In Bremen ging die Unterbeschäftigung im April im Vergleich zum Vorjahr um 1,8 Prozent zurück und lag bei 52.607 Personen. Die Zahl der sozialversicherungspflichtig Beschäftigten belief sich auf 347.500 – ein Rückgang um 800 gegenüber dem Vorjahr. Bis Juni sank die Arbeitslosigkeit in der Stadt auf 42.090 (Mai: 42.454), wobei die Arbeitslosenquote auf 11,1 Prozent fiel.

Niedersachsen verzeichnete hingegen ein anderes Bild: Die sozialversicherungspflichtige Beschäftigung stieg im April um 8.700 auf 3.162.900 Personen. Gleichzeitig nahm die Unterbeschäftigung um 0,5 Prozent zu und erreichte 329.550 Betroffene.
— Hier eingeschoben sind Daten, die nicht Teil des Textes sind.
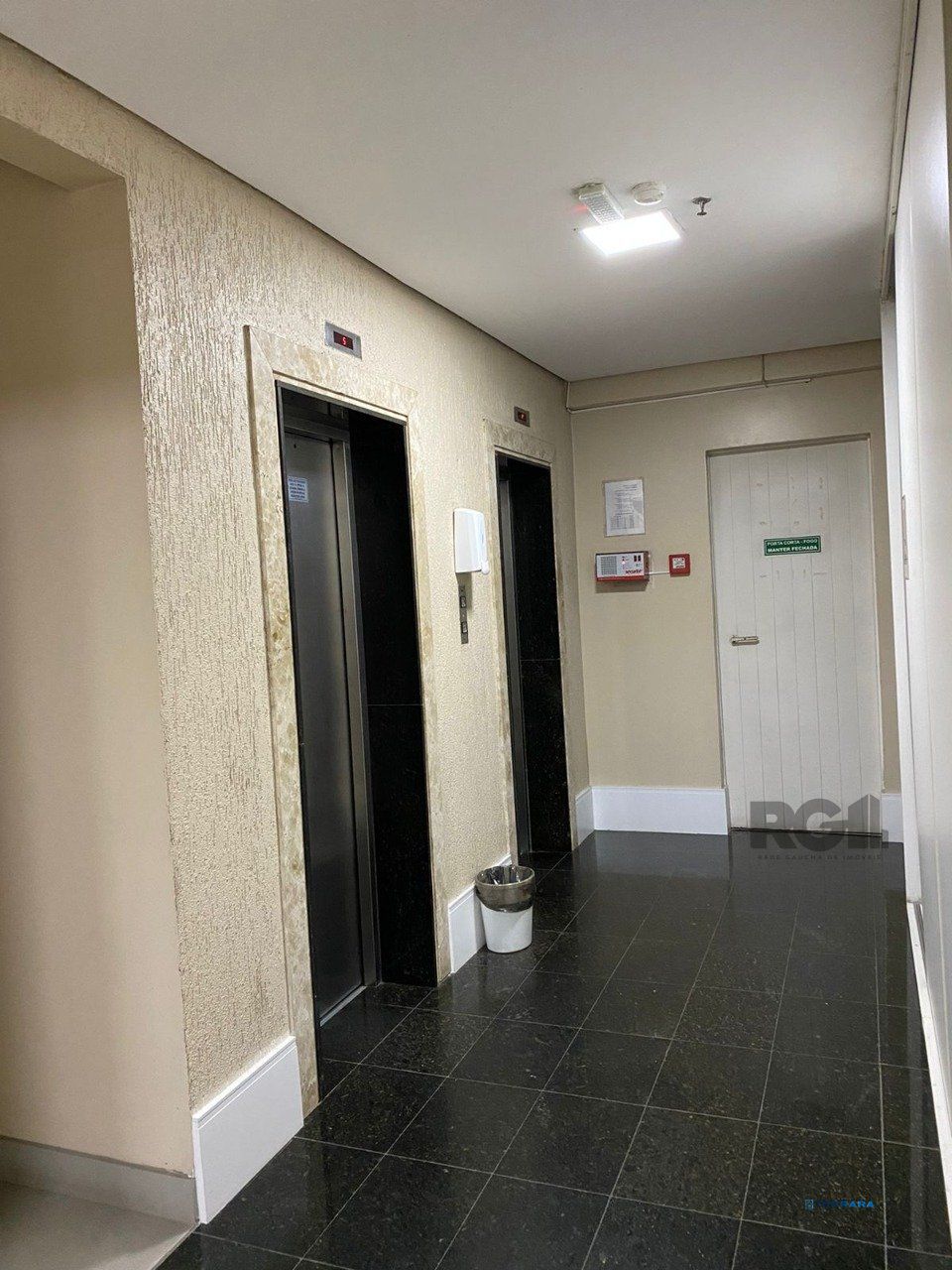 Sala Comercial, à venda, 49 m², Bom Fim - Porto Alegre — foto 5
Die Arbeitslosenzahl reduzierte sich bis Juni auf 270.449 (Mai: 271.864), während die Quote stabil bei 6,0 Prozent blieb.

Johannes Pfeiffer, Leiter der Regionaldirektion der Bundesagentur für Arbeit, betonte, dass der Arbeitsmarkt derzeit eine tiefgreifende Umstrukturierung durchläuft. Treibende Kräfte seien dabei unter anderem künstliche Intelligenz, geopolitische Herausforderungen, demografische Veränderungen und der Fachkräftemangel.

Während Bremen Rückgänge bei Unterbeschäftigung und Arbeitslosigkeit verzeichnete – bei leicht sinkender sozialversicherungspflichtiger Beschäftigung –, stieg in Niedersachsen die Unterbeschäftigung, während die Arbeitslosenzahlen sanken und die Beschäftigtenzahlen stabil blieben. Die Daten deuten auf breitere wirtschaftliche Anpassungsprozesse in der Region hin.